Économie / avril 2017

TARGET-2 : la cible idéale ?

Le présent flash explique le fonctionnement de « TARGET-2 », l’un des mécanismes de règlement des transactions au sein de la zone euro, qui fait l’objet de débats passionnés

1. Qu’est-ce que TARGET-2 ?

Principale plate-forme européenne de traitement des paiements, TARGET signifie « Trans-European Automated Real-time Gross settlement Express Transfer system ». Utilisé à la fois par les banques centrales et les banques commerciales, il permet l’exécution des paiements électroniques et, pour 38 % d’entre eux, transfrontaliers, en temps réel. En 2015, TARGET-2 (T-2) a procédé au règlement de 340 000 transactions/jour pour un montant quotidien moyen de 1 800Md€. En 5 jours, c’est donc l’équivalent du PIB de la zone euro qui transite par ce système. Si une transaction sur dix avait une valeur supérieure à 1M€, deux tiers portaient sur des montants unitaires inférieurs à 50k€. Dans son ouvrage de 2014 [1] , l’économiste allemand Hans-Werner Sinn détaille le mécanisme à l’œuvre lorsque la banque centrale est impliquée en prenant l’exemple d’un Espagnol achetant un actif (la nature de ce dernier n’a pas d’importance) à un vendeur néerlandais : cet achat amène la banque centrale néerlandaise (NDB) à régler la transaction à la banque commerciale du vendeur au nom de la banque centrale espagnole (BDE), qui elle-même agit au nom de la banque commerciale de l’acheteur. La NDB procède au règlement et acquiert en échange une créance contre l’Eurosystème (la BCE et les banques centrales nationales de la zone €), tandis que la BDE acquiert, elle, une dette contre ce dernier.
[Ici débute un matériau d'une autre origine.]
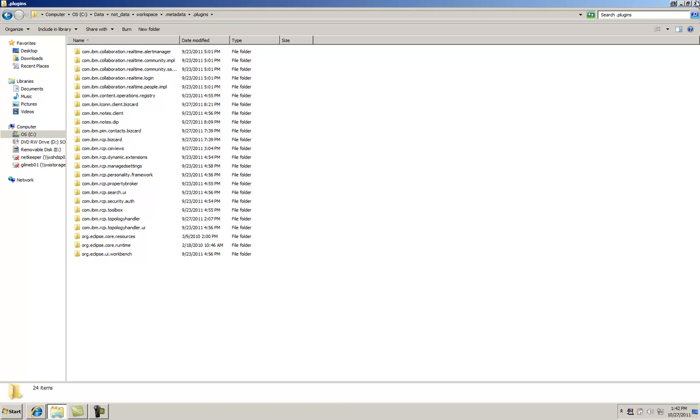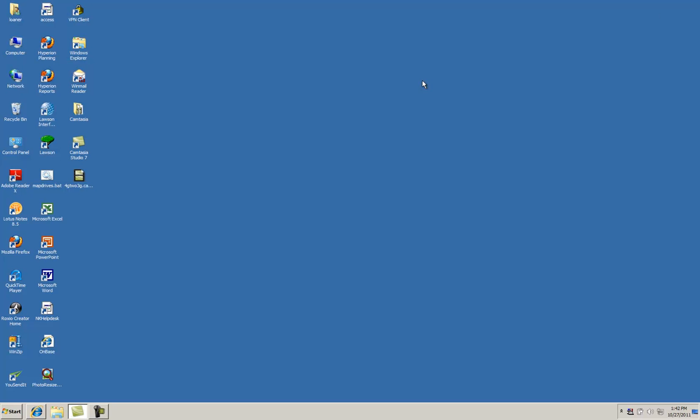If you haven't already, close Lotus Notes and open it again, and that message should have disappeared.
2. L’évolution de TARGET-2 depuis la Grande récession

Publiées par la BCE depuis seulement septembre 2015 après plusieurs années de polémiques (voir ci-dessous), les séries de balances TARGET disponibles commencent à l’instauration de T-2, le système de « seconde génération » qui a pris le relais du système initial en mai 2008. Il existe au total 21 balances vis-à-vis de l’Eurosystème : une pour chaque Etat membre (19), la balance du « reste du monde » et celle de la BCE. A chaque instant, la somme des 21 balances est égale à zéro.
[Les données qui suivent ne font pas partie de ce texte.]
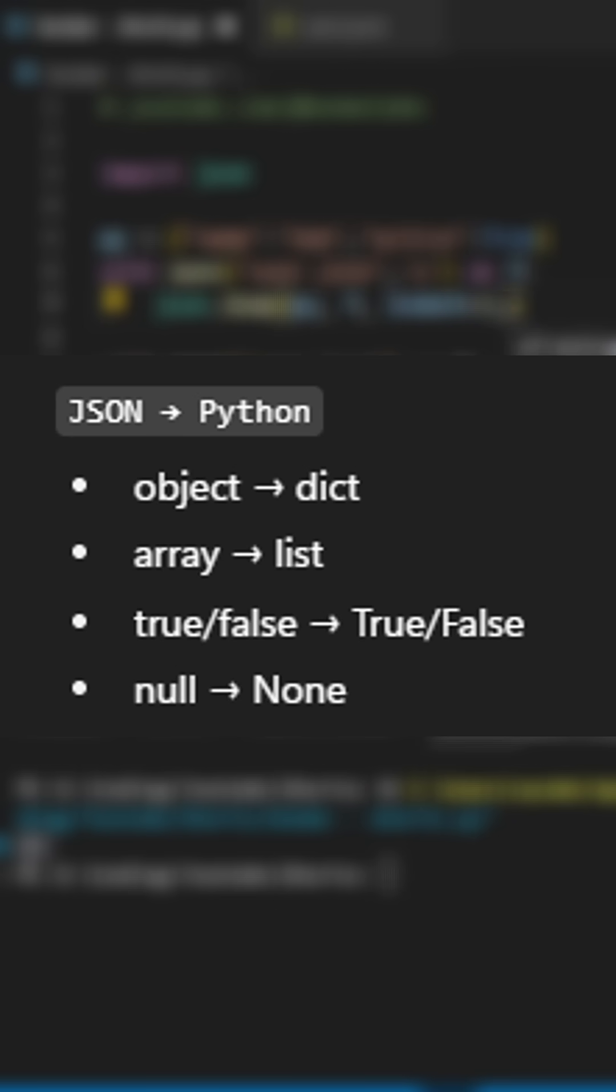Let's take a look over the type mapping between JSON and Python, so we better understand it.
Deux faits saillants apparaissent des données : 1) si une balance TARGET évolue au cours du temps et peut prendre des signes différents selon la période considérée, deux catégories de pays se dessinent assez clairement avec, d’un côté, certains Etats du Nord de l’Europe (Allemagne de façon très marquée, Luxembourg, Pays-Bas, Finlande) aux soldes positifs et, de l’autre, plusieurs pays du Sud (Italie, Espagne, Portugal, Grèce), aux balances déficitaires ; 2) le solde TARGET total, qui mesure la somme des balances de même signe, est passé de moins de 500Md€ jusqu’à la mi-2011 à un premier pic de près de 1 100Md€ en août 2012 avant de refluer en 2013 et 2014. Depuis 2015, il est reparti nettement à la hausse avec le « quantitative easing » de la BCE et a dépassé le premier pic de l’été 2012 en janvier 2017.

3. Comment faut-il interpréter les évolutions de TARGET-2 ?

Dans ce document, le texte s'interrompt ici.